# EXERCISE PROMPT:
All of the data should be output character for character, except the pictures.

# RECORDS:
§

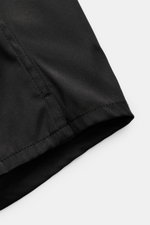 Tom Ford Seiden-Boxershorts schwarz, Detailaufnahme seitlich, edle Seide, Slim Fit, elastischer Samt-Bund, weicher Griff, komfortabler Stretch-Anteil.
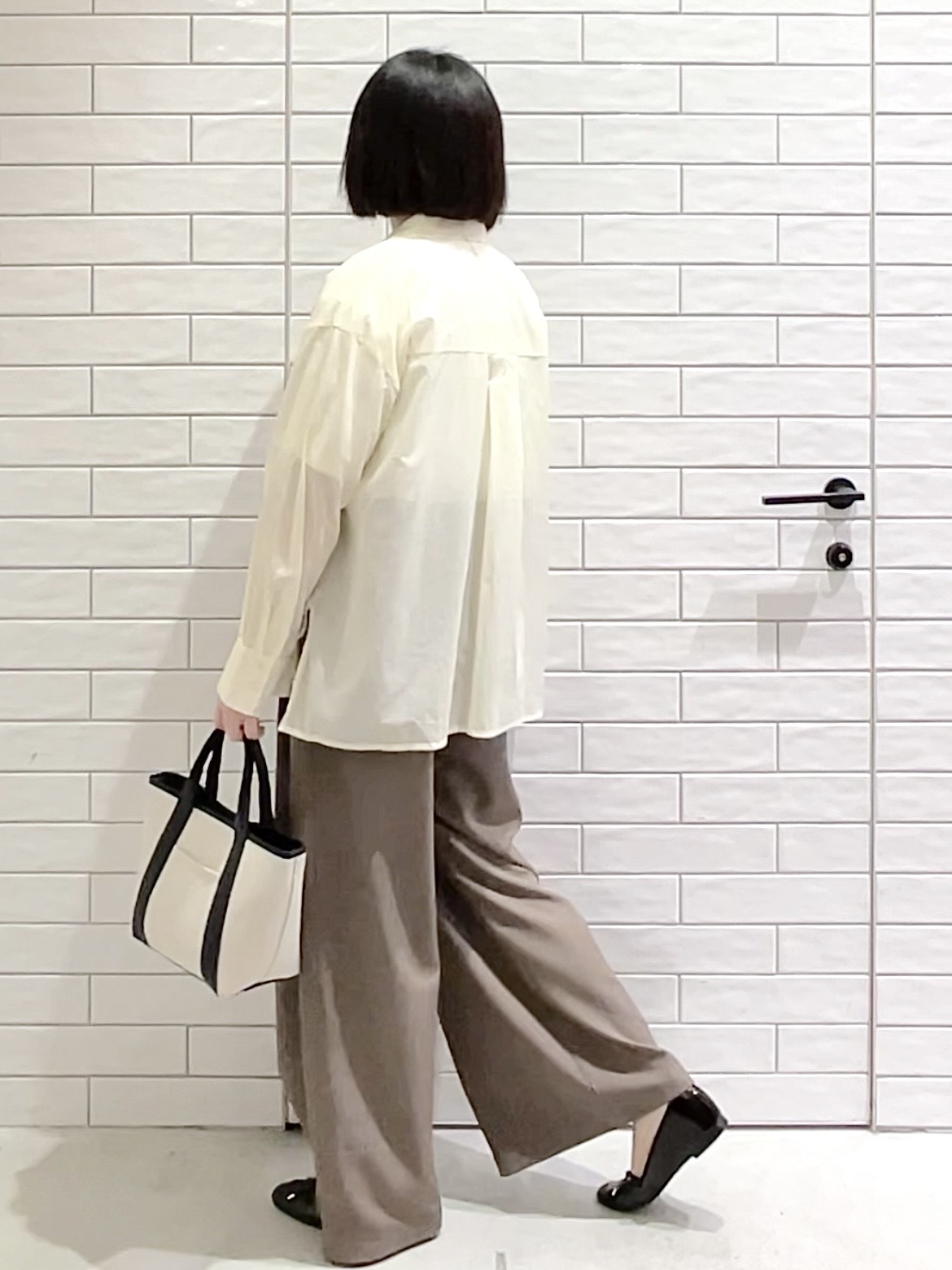 しおりさんの「OPAQUE.CLIP｜シアーローンシャツ【洗濯機OK】」を使ったコーディネート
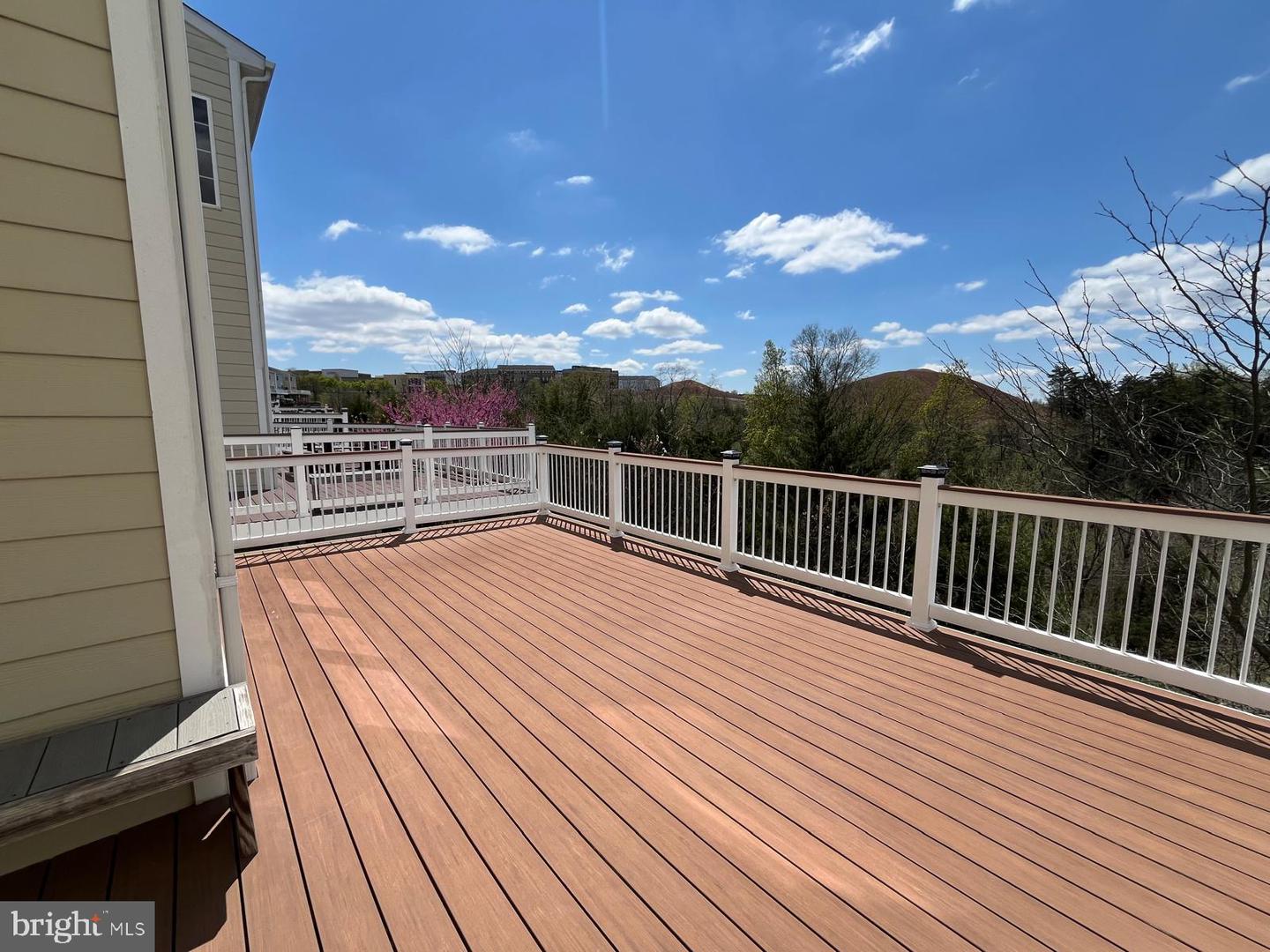 20657 ERSKINE TER, ASHBURN, Virginia 20147, 4 Bedrooms Bedrooms, ,3 BathroomsBathrooms,Residential,For sale,20657 ERSKINE TER,VALO2093936 MLS # VALO2093936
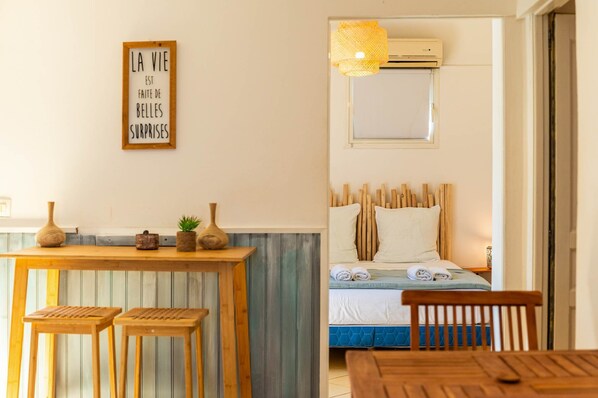 2 bedrooms, iron/ironing board, free WiFi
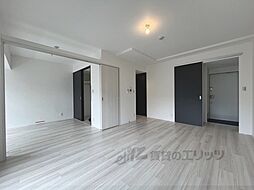 JR東海道・山陽本線 西大路駅 徒歩15分の賃貸マンション 4階1LDKのリビング/ダイニング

§

# WRITTEN REPLY:
 Tom Ford Seiden-Boxershorts schwarz, Detailaufnahme seitlich, edle Seide, Slim Fit, elastischer Samt-Bund, weicher Griff, komfortabler Stretch-Anteil.
 しおりさんの「OPAQUE.CLIP｜シアーローンシャツ【洗濯機OK】」を使ったコーディネート
 20657 ERSKINE TER, ASHBURN, Virginia 20147, 4 Bedrooms Bedrooms, ,3 BathroomsBathrooms,Residential,For sale,20657 ERSKINE TER,VALO2093936 MLS # VALO2093936
 2 bedrooms, iron/ironing board, free WiFi
 JR東海道・山陽本線 西大路駅 徒歩15分の賃貸マンション 4階1LDKのリビング/ダイニング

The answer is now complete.